When Your Whole World Fits in the Palm of Your Hand
I was born three months premature.
My mom, a young nineteen-year-old, was living five hundred miles from her home state of Tennessee in a single wide trailer that she and my dad shared with my uncle. She was six months pregnant when her water broke. My due date had been scheduled for late June and it was March 19th.
My dad took her to New Hanover Hospital, where they attempted to stop labor. As she says it, in her cute Tennessee accent, “The stupid doctor tried to tell me that I wasn’t in labor, and then he also told me I was too young to be having a baby anyway!” After twenty-two hours of labor they did an emergency c-section, because they were afraid that my head would be too soft to make it through a regular delivery. I weighed 1 pound & 11.5 ounces on the first day; on the second, I weighed 1 pound & 9 ounces. My dad said I was so tiny that I fit in the palm of his hand. My parents were told that I wouldn’t make it through the night.
As my mom likes to say, “But you showed them!”
I spent the next two and a half months in an incubator. I had daily heel sticks and blood draws and during one of those, a doctor did something wrong and my entire leg turned purple. They told my parents that it would probably need to be amputated. Within the first week, I ripped out my feeding tube.
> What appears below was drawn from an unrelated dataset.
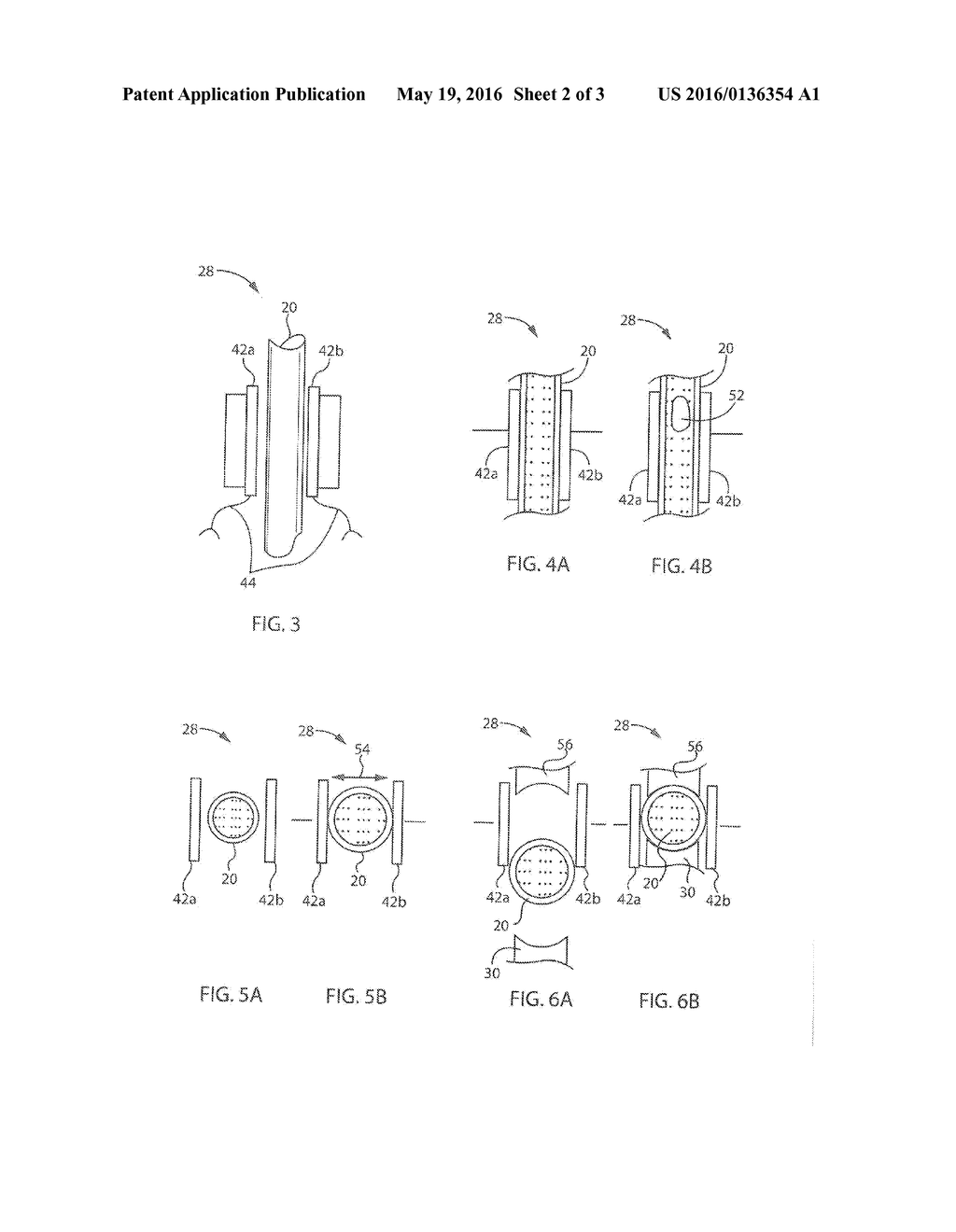 Multifunction Capacitive Sensor for Medical Pump - diagram, schematic, and image 03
It happened in the middle of the night and there were no doctors available, so the nurses had to feed me with a bottle. I took so well to it that they never put the feeding tube back in. Throughout all this, my mom wasn’t able to come see me as much as she would have liked. Without a driver’s license, she was at the mercy of others to take her to and from the hospital. She would call every day, multiple times a day. She never knew if the next time she visited me would be the last.
One comfort for her was that the NICU nurses were treating me as if I was their own. They made dresses for me out of gauze and cute signs for my parents when they came to visit. I was loved and cared for around-the-clock. My mom went to visit one day to find the incubator empty and she began to panic, but the nurse was there and holding me in their arms.
(baby doll clothes worn before preemie would fit)
I had entire churches praying for me. Many, many people were lifting me up to The Father. My entire life, I would be introduced to someone to hear them say, “Oh, we were praying for you!” It’s thanks to the wonderful doctors and nurses at New Hanover Hospital, and all of those prayers, I’m alive today. I now have three girls of my own, all within normal (to large!) birth weights. I have both legs and have never had issues with walking. I have scarring behind my eyes because they didn’t know to protect them in the incubator in the 70’s, but I can see.
I’m alive, and I’m healthy, and I’m so grateful.